If the length of a rectangle is increased by `62(1)/(2)%` and its breadth is decreased by `7(9)/(13)%`. Find the percentage change in area.

To find the percentage change in the area of a rectangle when the length is increased and the breadth is decreased, we can follow these steps: ### Step 1: Convert the percentage changes to fractions - The length is increased by \( 62 \frac{1}{2}\% \). - Convert \( 62 \frac{1}{2}\% \) to an improper fraction: \[ 62 \frac{1}{2} = \frac{125}{2} \% \] - The breadth is decreased by \( 7 \frac{9}{13}\% \). - Convert \( 7 \frac{9}{13}\% \) to an improper fraction: \[ 7 \frac{9}{13} = \frac{100}{13} \% \] ### Step 2: Calculate the net percentage change in area The formula for the percentage change in area when one dimension increases and the other decreases is: \[ \text{Percentage Change} = a + b - \frac{ab}{100} \] where \( a \) is the percentage increase and \( b \) is the percentage decrease. Here, we have: - \( a = \frac{125}{2} \) - \( b = -\frac{100}{13} \) Substituting these values into the formula: \[ \text{Percentage Change} = \frac{125}{2} - \frac{100}{13} - \frac{\left(\frac{125}{2} \cdot \frac{100}{13}\right)}{100} \] ### Step 3: Simplifying the expression First, calculate \( \frac{125}{2} \cdot \frac{100}{13} \): \[ \frac{125 \cdot 100}{2 \cdot 13} = \frac{12500}{26} \] Now, substituting back into the formula: \[ \text{Percentage Change} = \frac{125}{2} - \frac{100}{13} - \frac{12500}{2600} \] ### Step 4: Find a common denominator The common denominator for \( 2 \), \( 13 \), and \( 2600 \) is \( 2600 \).
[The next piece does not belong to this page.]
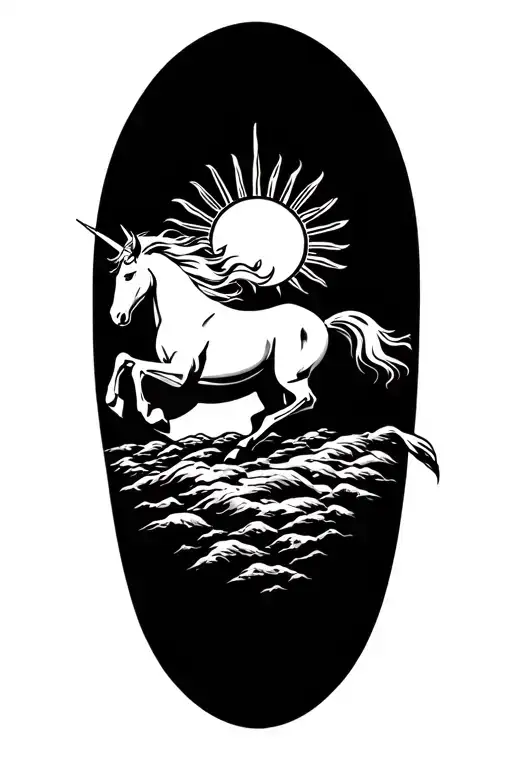 A Sun With A Unicorn Jumping Over It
Convert each term: - \( \frac{125}{2} = \frac{125 \cdot 1300}{2600} = \frac{162500}{2600} \) - \( \frac{100}{13} = \frac{100 \cdot 200}{2600} = \frac{20000}{2600} \) Now substitute these back into the formula: \[ \text{Percentage Change} = \frac{162500}{2600} - \frac{20000}{2600} - \frac{12500}{2600} \] ### Step 5: Combine the fractions Combine the numerators: \[ \text{Percentage Change} = \frac{162500 - 20000 - 12500}{2600} = \frac{125000}{2600} \] ### Step 6: Simplify the fraction Now simplify \( \frac{125000}{2600} \): \[ \frac{125000 \div 2600}{2600 \div 2600} = \frac{125}{26} \] ### Step 7: Convert to percentage To convert \( \frac{125}{26} \) to a percentage: \[ \frac{125}{26} \approx 4.8077 \approx 48.08\% \] ### Final Result Since the result is positive, the percentage change in area is approximately \( 48.08\% \).